Uno sguardo macroeconomico sull'inflazione crescente
L'inflazione galoppa. Europa e America hanno visto nell'ultimo anno crescere il tasso inflattivo su base annua fino all'8%. Un tasso decisamente troppo alto, rispetto all'obiettivo che si pongono le banche centrali di tutto il mondo, il cui tasso ideale si staglia "attorno al 2% nel medio termine". Sono le parole di Edoardo Beretta, professore titolare di Macroeconomia dell'USI.
I tassi all'8% dunque, "sono dinamiche che devono essere corrette già nel breve termine, per evitare una spirale inflazionistica che, comunque, ha delle ripercussioni sul mercato dei beni reali".

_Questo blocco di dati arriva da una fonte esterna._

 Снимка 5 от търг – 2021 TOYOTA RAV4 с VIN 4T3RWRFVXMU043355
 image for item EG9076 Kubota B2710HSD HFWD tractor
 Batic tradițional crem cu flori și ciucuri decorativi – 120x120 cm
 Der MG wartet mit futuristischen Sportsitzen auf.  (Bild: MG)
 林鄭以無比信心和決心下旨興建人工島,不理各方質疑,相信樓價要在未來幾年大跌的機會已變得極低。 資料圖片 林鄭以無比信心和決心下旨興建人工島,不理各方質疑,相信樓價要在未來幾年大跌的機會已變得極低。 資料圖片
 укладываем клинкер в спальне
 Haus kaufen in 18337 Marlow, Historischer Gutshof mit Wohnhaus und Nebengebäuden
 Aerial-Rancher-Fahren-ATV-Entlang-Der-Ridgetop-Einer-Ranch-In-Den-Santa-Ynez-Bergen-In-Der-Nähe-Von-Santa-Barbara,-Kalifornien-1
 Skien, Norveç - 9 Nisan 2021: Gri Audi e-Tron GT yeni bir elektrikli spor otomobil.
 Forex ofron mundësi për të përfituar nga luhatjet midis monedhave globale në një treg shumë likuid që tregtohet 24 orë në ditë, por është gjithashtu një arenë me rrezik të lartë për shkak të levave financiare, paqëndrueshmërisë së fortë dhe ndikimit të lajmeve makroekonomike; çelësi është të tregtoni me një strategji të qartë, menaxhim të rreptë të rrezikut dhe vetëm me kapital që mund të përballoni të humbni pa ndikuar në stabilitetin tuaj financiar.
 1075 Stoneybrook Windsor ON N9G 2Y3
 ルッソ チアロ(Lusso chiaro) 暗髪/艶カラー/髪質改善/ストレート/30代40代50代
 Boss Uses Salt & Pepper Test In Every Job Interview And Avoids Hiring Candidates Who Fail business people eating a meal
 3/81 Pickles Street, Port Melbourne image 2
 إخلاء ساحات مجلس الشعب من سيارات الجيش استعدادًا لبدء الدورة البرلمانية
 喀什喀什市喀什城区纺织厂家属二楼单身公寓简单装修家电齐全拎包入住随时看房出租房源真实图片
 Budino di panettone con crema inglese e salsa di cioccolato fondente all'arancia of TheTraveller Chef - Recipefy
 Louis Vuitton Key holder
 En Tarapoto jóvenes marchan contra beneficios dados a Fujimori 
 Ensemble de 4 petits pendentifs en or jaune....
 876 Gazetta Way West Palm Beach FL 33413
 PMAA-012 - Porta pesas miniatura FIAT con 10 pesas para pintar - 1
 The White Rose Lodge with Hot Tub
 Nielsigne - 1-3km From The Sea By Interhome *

E come fare a correggere l'inflazione? In verità gli strumenti a disposizione delle banche centrali non sono molti e quello proposto è un rialzo dei tassi di riferimento.
Andamento tassi di riferimento 2010-2023
Se il denaro costa di più, costa di più indebitarsi e si compra meno. La domanda scende. Un guaio per le imprese, che, in più, magari, devono rinunciare agli investimenti presenti o a pianificarne per il futuro. Senza contare lo stress già in atto per il sistema bancario causato dalla stretta monetaria. Dunque, questa cura potrebbe avere come controindicazione una recessione.
Attualmente le banche centrali stanno facendo un esercizio di equilibrio", spiega Beretta, "da un lato devono contrastare le fiammate inflazionistiche, che nessuno aveva previsto se non di fronte alla contingenza. Dall’altra una stretta monetaria, una stretta troppo rapida e vigorosa dei tassi di interesse, danneggia le economie domestiche e le imprese".
Un confronto tra tasso d'inflazione e tassi di riferimento
Considerando i parametri del tasso di inflazione e i conseguenti tassi di riferimento emessi dalle rispettive banche centrali, la Svizzera, nel confronto con Europa e Stati Uniti, appare come un’isola felice.
Diversi fattori hanno contribuito al livello inflattivo che si registra in Svizzera. Come ad esempio, "il livello già più alto dei prezzi rispetto a paesi dell’UE: i prezzi non possono aumentare sopra un certo ritmo di crescita, perché raggiungerebbero livelli ulteriormente troppo elevati".
La Confederazione inoltre "è protetta da un franco abbastanza forte", prosegue il professore, "quindi l’inflazione importata che deriva dall’import di beni e servizi dal resto del mondo viene attutita".
Per finire, conclude Edoardo Beretta, "la Svizzera è meno dipendente dalle dinamiche di approvvigionamento energetico", che le hanno permesso di subire in misura minore le turbolenze macroeconomiche globali.